Starting with the line that holds "Jeans de cintura" and stopping after the line that holds "property entrance with brick siding", repeat the lines below word for word, without the pictures.

(Web page caption snippets)
'''

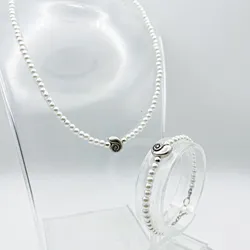 Conjunto de perlas artificiales y detalle de caracola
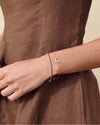 Close-up of a person wearing the Solid Gold Lab-Grown Sapphire Tennis Bracelet in 14ct recycled metals, showcasing fine craftsmanship and ethical sourcing for everyday luxury.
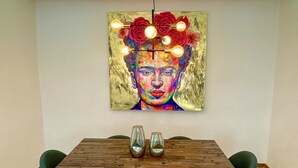 A dining area with a wooden table, two chairs, and a colorful painting above the table. - Beautiful apartment in downtown Polanco (Ciudad de México)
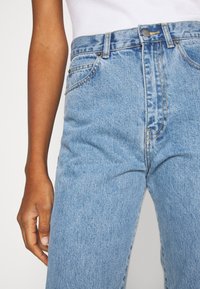 Jeans de cintura alta de tom azul claro, feitos de denim, apresentando um design clássico de cinco bolsos, botão de cobre e costuras visíveis.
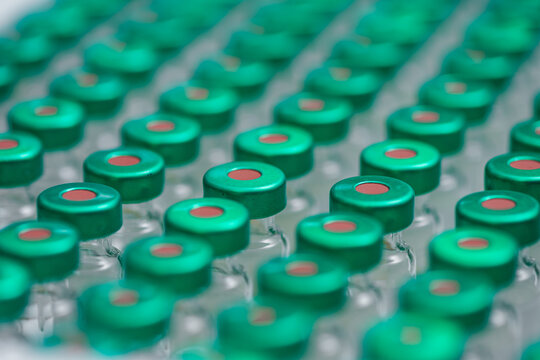 Closeup Rows Of Vaccine Vials With Green Caps, Sterile Tray Filling, Pharmacy Technician Preparing Doses, Cool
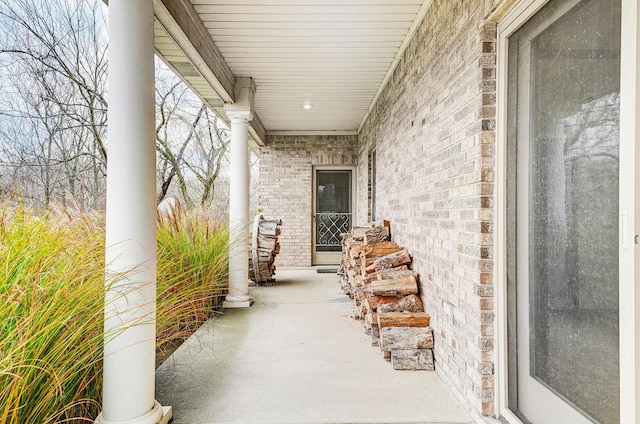 property entrance with brick siding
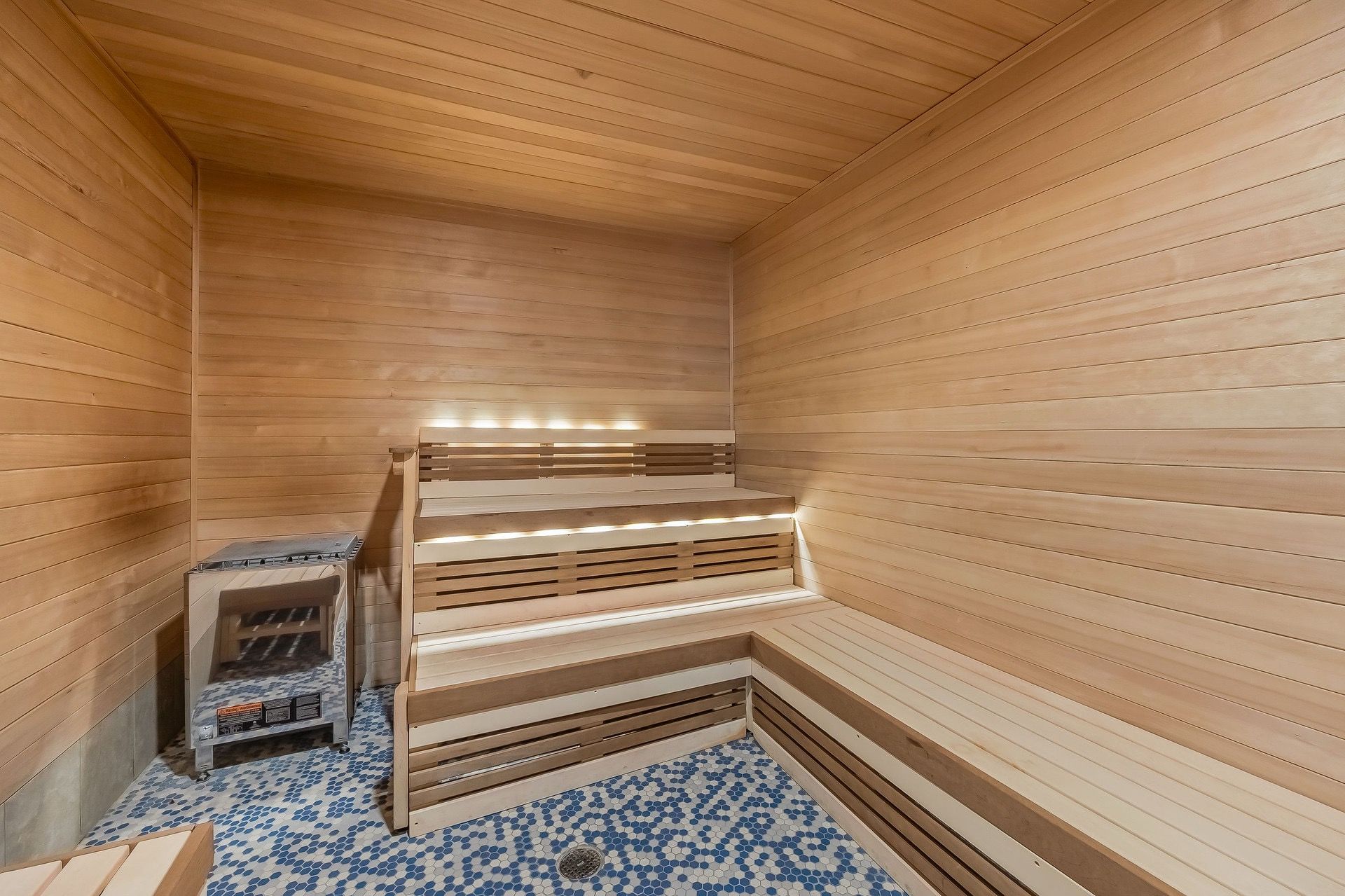 Una sauna con paredes y bancos de madera, piso de baldosas y un estante pequeño con objetos.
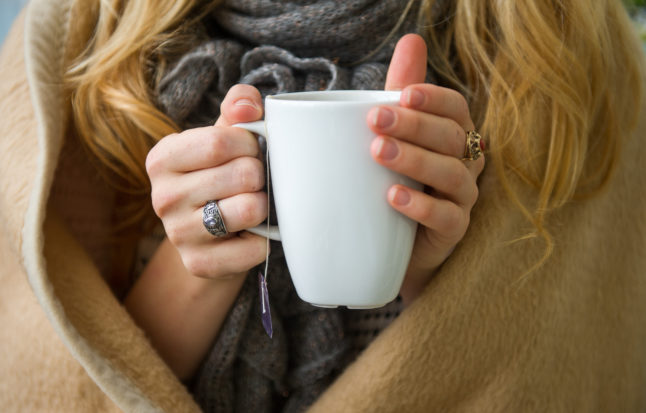 A woman warms up with tea and a blanket in a German flat.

'''

RESULT OF THE EXERCISE:
 Jeans de cintura alta de tom azul claro, feitos de denim, apresentando um design clássico de cinco bolsos, botão de cobre e costuras visíveis.
 Closeup Rows Of Vaccine Vials With Green Caps, Sterile Tray Filling, Pharmacy Technician Preparing Doses, Cool
 property entrance with brick siding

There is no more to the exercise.